Collected data

* * * * *

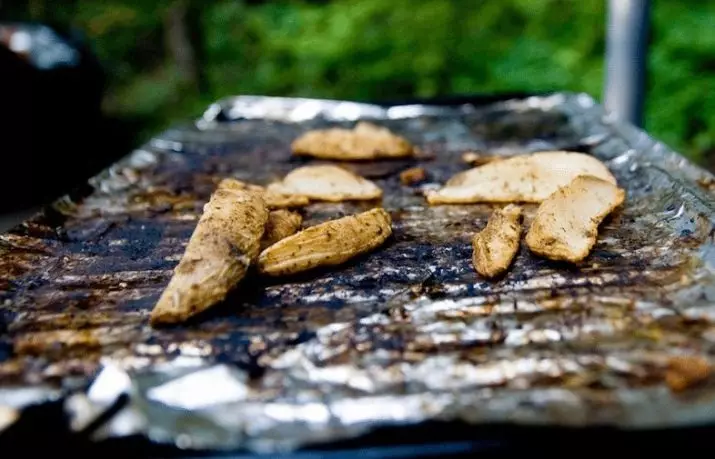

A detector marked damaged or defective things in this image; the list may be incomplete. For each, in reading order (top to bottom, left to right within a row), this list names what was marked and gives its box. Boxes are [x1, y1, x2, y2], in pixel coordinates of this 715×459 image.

burnt residue [1, 94, 715, 450]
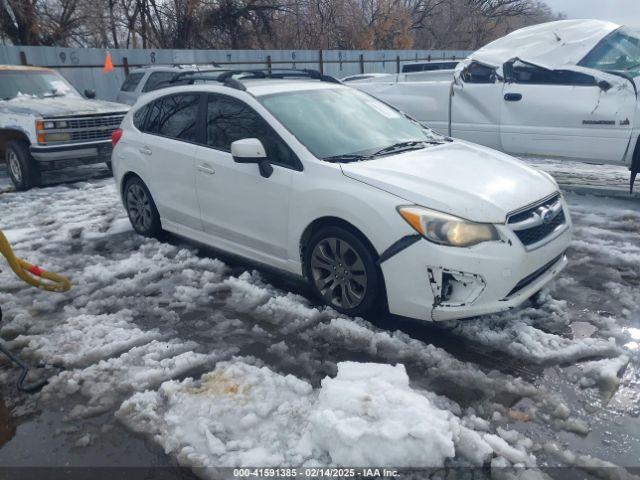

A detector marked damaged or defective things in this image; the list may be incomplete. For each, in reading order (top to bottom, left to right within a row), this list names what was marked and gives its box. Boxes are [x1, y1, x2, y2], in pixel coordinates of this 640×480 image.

damaged white vehicle [0, 64, 130, 191]
damaged white vehicle [350, 19, 640, 191]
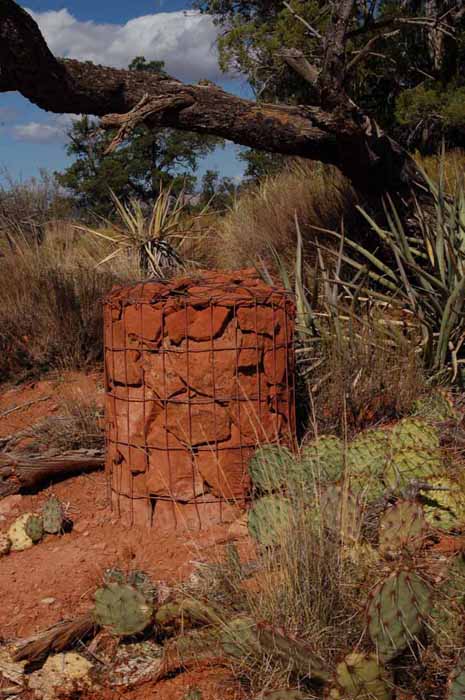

* * * * *

**TASK BRIEF:** Reproduce nothing but the lines from the line containing "this 640×480 image." through the last line of the data above, exactly as written and without pictures.

**TASK OUTPUT:**
A detector marked damaged or defective things in this image; the list may be incomplete. For each, in reading order (top to bottom, left to right within a row), this list names what was marked and gives its box. Boxes are [x1, y1, x2, y2], in pixel coordinates of this 640×480 image.

damaged white vehicle [0, 64, 130, 191]
damaged white vehicle [350, 19, 640, 191]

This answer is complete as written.